In particular, it is the tortured lives and untimely deaths of black transwomen, as evidenced in the upcoming trial of CeCe McDonald and the homicides of Brandy Martell and Paige Clay, that have added to the recent surge of independent articles investigating black transgender subjectivity.

Undoubtedly, this newfound attention to the plight of black trans folks by primarily cisgender allies is timely and necessary. It has, however, created a narrow representation of black identity that doesn’t recognize transwomen beyond the transphobia/victim paradigm.

A primary way in which the victim paradigm is enforced, is through the use of language that negatively frames their experiences. The lives of the women profiled are written about using descriptors such as “burden,” “victimized,” or in statements that boldly declare “nobody cares,” ultimately implying that black transwomen have little to no agency or cultural efficacy.
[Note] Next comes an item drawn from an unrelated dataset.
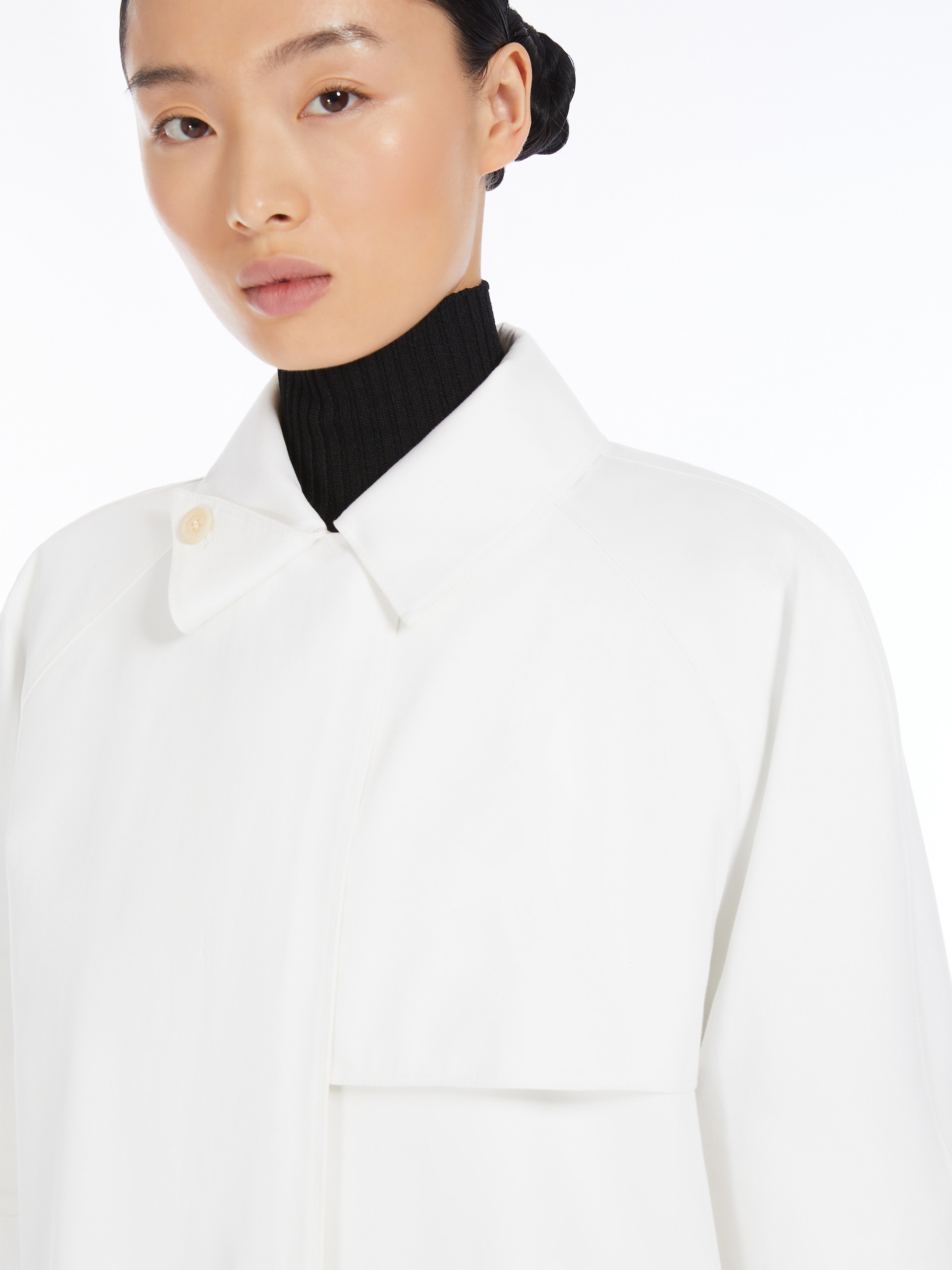 BABA Water-repellent gabardine trench coat - 6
In an article for The Root titled No Justice for CeCe, Kelle Terrell exhibits this trend by writing

“black transgender people like CeCe McDonald will continue to look over their shoulders, scared as hell, knowing that when danger lurks, if they have the audacity to fight back and not allow themselves to be killed, there’s a good chance that they are the ones who will be punished. The message is crystal clear: Transgender people have very little value in this world, dead or alive.”
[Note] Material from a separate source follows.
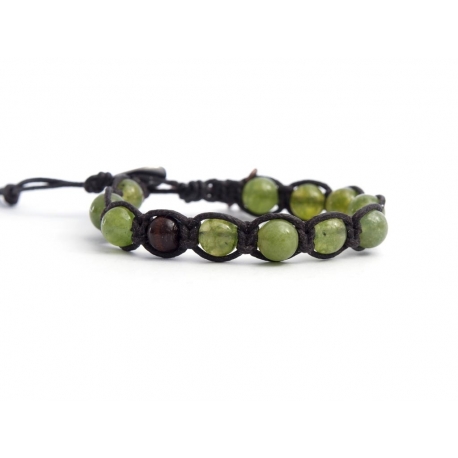 Bracciale tibetano donna avventurina verde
The assumption made by Terrell that black transwomen are confined to living a life of perpetual fear based on expectations of violence and inevitable death, is a troubling gesture that paints a grim picture of black trans subjects as being fearful of our own identity. This rhetorical move negates the agency of pleasure and personal acceptance that is involved in living openly and freely as a black transgender individual, despite the societal consequences of doing so.

The victimization of black transwomen is also produced by associating violence as the main impetus for their inclusion in the public discussions of LGBT visibility. Though violence and death are, in fact, a harsh reality for my sisters, in order to present a more complex image of black transwomen, it’s important that we also seek out and produce affirming stories of survival to demonstrate the multiple ways in which they actively resist the limitations of the “murder narrative.”
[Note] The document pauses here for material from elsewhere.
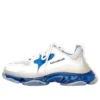 Triple S «Clear Sole – hvit/blå» 544351W09ON9169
At the same time, we cannot continue to marginalize or completely erase the voices of black transwomen from the discourse of their lives by relying on non-trans “gender experts” or white trans subjects to articulate the nuances of blackness. Including and actively listening to the voices of black transwomen, reflects their vital role in the social construction of their own identity, further destabilizing notions of a silenced victimhood.

Indeed, there exists real threats against black transgender people as we experience intersecting levels of discrimination on a daily basis. For black transwomen, though they embody an identity that deems them second-class citizens like cisgender women of color, they are not merely victims. But if we do not introduce alternative black trans narratives, how will we know?